===== WORKING DATA

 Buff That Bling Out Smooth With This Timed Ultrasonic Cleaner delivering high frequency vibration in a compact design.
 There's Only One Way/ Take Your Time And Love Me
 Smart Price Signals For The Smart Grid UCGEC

==========
===== WORKING DATA

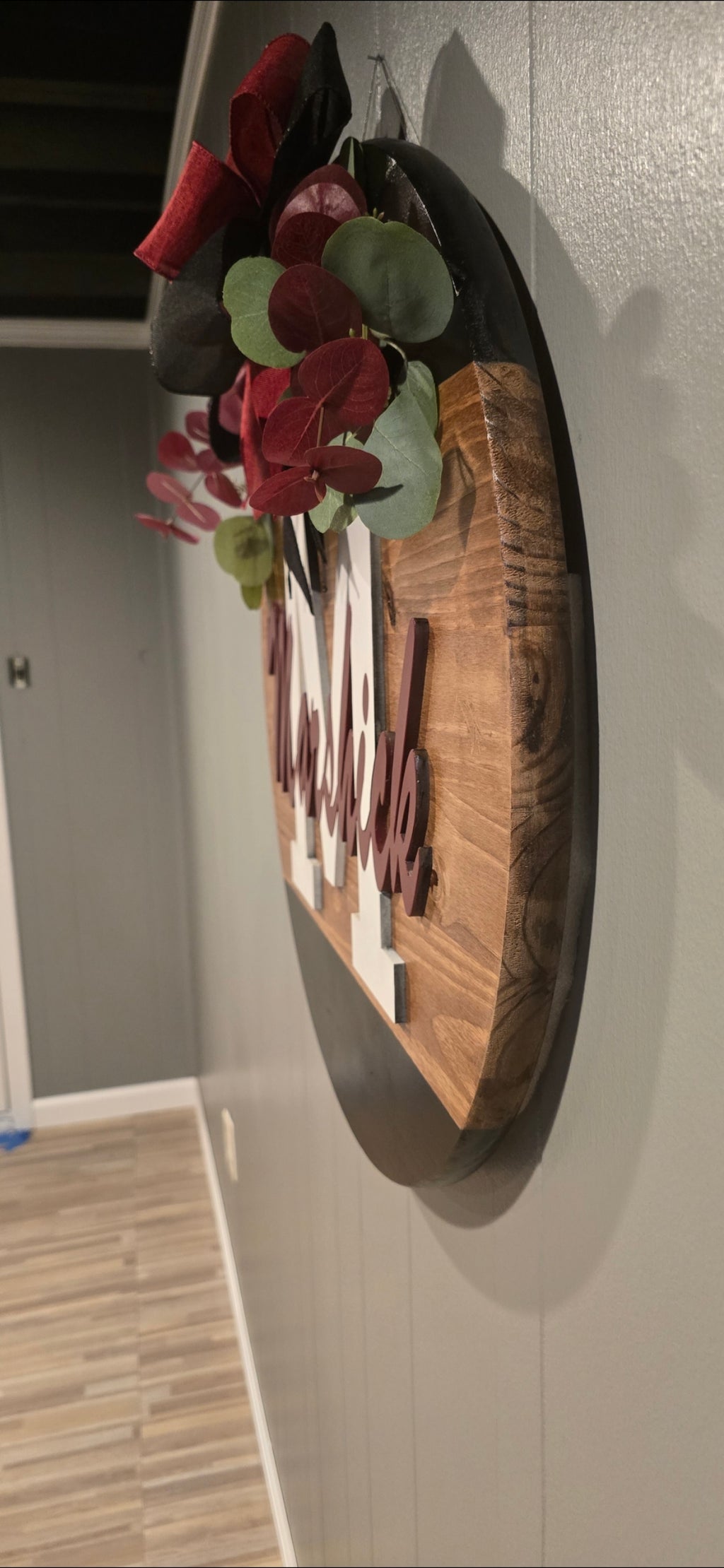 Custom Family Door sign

==========

_EXERCISE AIM:_ Return exactly the lines above from the line that has "Buff That Bling" through the line that has "Smart Price Signals For The Smart Grid UCGEC", inclusive, and nothing else.

_ANSWER SPACE:_
 Buff That Bling Out Smooth With This Timed Ultrasonic Cleaner delivering high frequency vibration in a compact design.
 There's Only One Way/ Take Your Time And Love Me
 Smart Price Signals For The Smart Grid UCGEC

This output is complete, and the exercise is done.